January 31, 2013

Fort McMurray, Alberta – In November of 2012 the Wood Buffalo Environmental Association (WBEA) published a detailed book that, for the first time, synthesizes the results and concepts of WBEA’s 2008-2012 scientifically enhanced monitoring work, and offers a wide ranging look at significant environmental indicators of air quality and the state of the terrestrial environment in the Athabasca Oil Sands Region (AOSR).

The book, titled Alberta Oil Sands: Energy, Industry and the Environment, has been published by Elsevier in Oxford, England, as part of the Developments in Environmental Science series. The peer-reviewed, academic results translate into ‘practical’ science that is already helping to change the way stakeholders do business in the region.

With work and contributions from a team of multi-disciplinary senior scientists from Canada, the United States and Europe, the book features nineteen chapters ranging in topics from a global perspective of energy production, measurement methodologies and behavior of various air pollutants during bitumen extraction/upgrading in a boreal forest ecosystem, to designing and deploying a multi-disciplinary, proactive, and long-term environmental monitoring system that will also serve regulatory expectations.

After a significant increase in funding in 2008, WBEA assembled a distinguished group of international scientists who have been conducting measurements and practical research on various aspects of air emissions and their potential effects on terrestrial receptors. The chapters in the book are a direct result of this work, and of the years of environmental monitoring carried out through WBEA’s air, land and human monitoring programs.

The air quality information WBEA collects has always been openly shared with stakeholders and the public, and the publication of this book further demonstrates WBEA’s transparency.

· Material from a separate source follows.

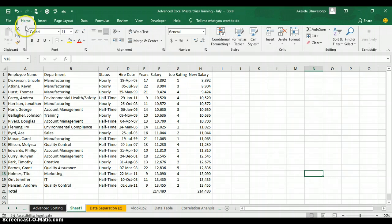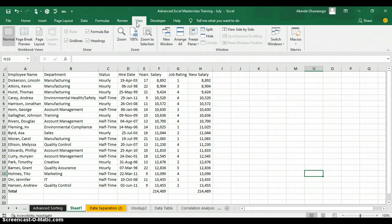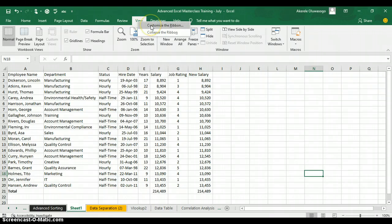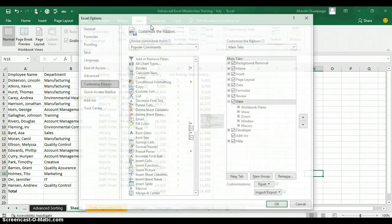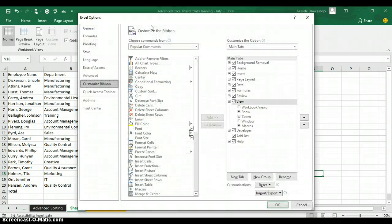All you need to do is go to any of your tab ribbons in Excel, right-click on any of the tab ribbons, and click on the button called Customize the Ribbon.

Executive Director of WBEA, and editor of Alberta Oil Sands: Energy, Industry and the Environment, Dr. Kevin Percy, PhD, said, “WBEA has been measuring and monitoring the environment at key points along the air pollutant pathway, and for the first time in this region we are utilizing a truly holistic, forest health approach to monitoring. These chapters provide original scientific data on emissions, transport, air quality, deposition and source contributions to terrestrial ecosystems.

The development in the Athabasca Oil Sands Region (AOSR) has come under intense public scrutiny in recent years, which makes the information contained within this book all the more important. It will be used to inform environmental decisions, it will contribute new knowledge to support environmental impact assessments, and it will inform stakeholders and the public on environmental air quality in the Wood Buffalo region.”

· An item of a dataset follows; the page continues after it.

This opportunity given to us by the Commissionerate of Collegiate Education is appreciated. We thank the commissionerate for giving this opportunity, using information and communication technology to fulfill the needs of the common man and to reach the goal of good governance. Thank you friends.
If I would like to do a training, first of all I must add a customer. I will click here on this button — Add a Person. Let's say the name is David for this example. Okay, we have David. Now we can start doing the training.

The book features many noteworthy findings:

  • Both the scientific model predictions, and the actual lichen measurements conducted through WBEA’s forest health monitoring program indicate that the main air quality footprint in the AOSR is concentrated within a 20-25 km radius of the main emission sources (i.e. industrial sites). Deposition decreases rapidly outside of the 20km radius.
  • The results from a gaseous mercury analyzer (operated by Environment Canada in WBEA’s Patricia McInnes Air Monitoring Station in Fort McMurray) indicate that total gaseous mercury concentrations in the AOSR are similar to average concentrations measured elsewhere in Canada.
  • Receptor modeling work has, for the first time, apportioned the various sources of emissions in the AOSR into identifiable categories and corresponding percentages (i.e. how much is contributed by combustion, by refining, by motor vehicles, by mining, etc.).
  • Source-receptor modeling has demonstrated that the largest proportion of air pollutant deposition to terrestrial receptors was related to re-suspension into the atmosphere of course particulate matter (i.e. dust).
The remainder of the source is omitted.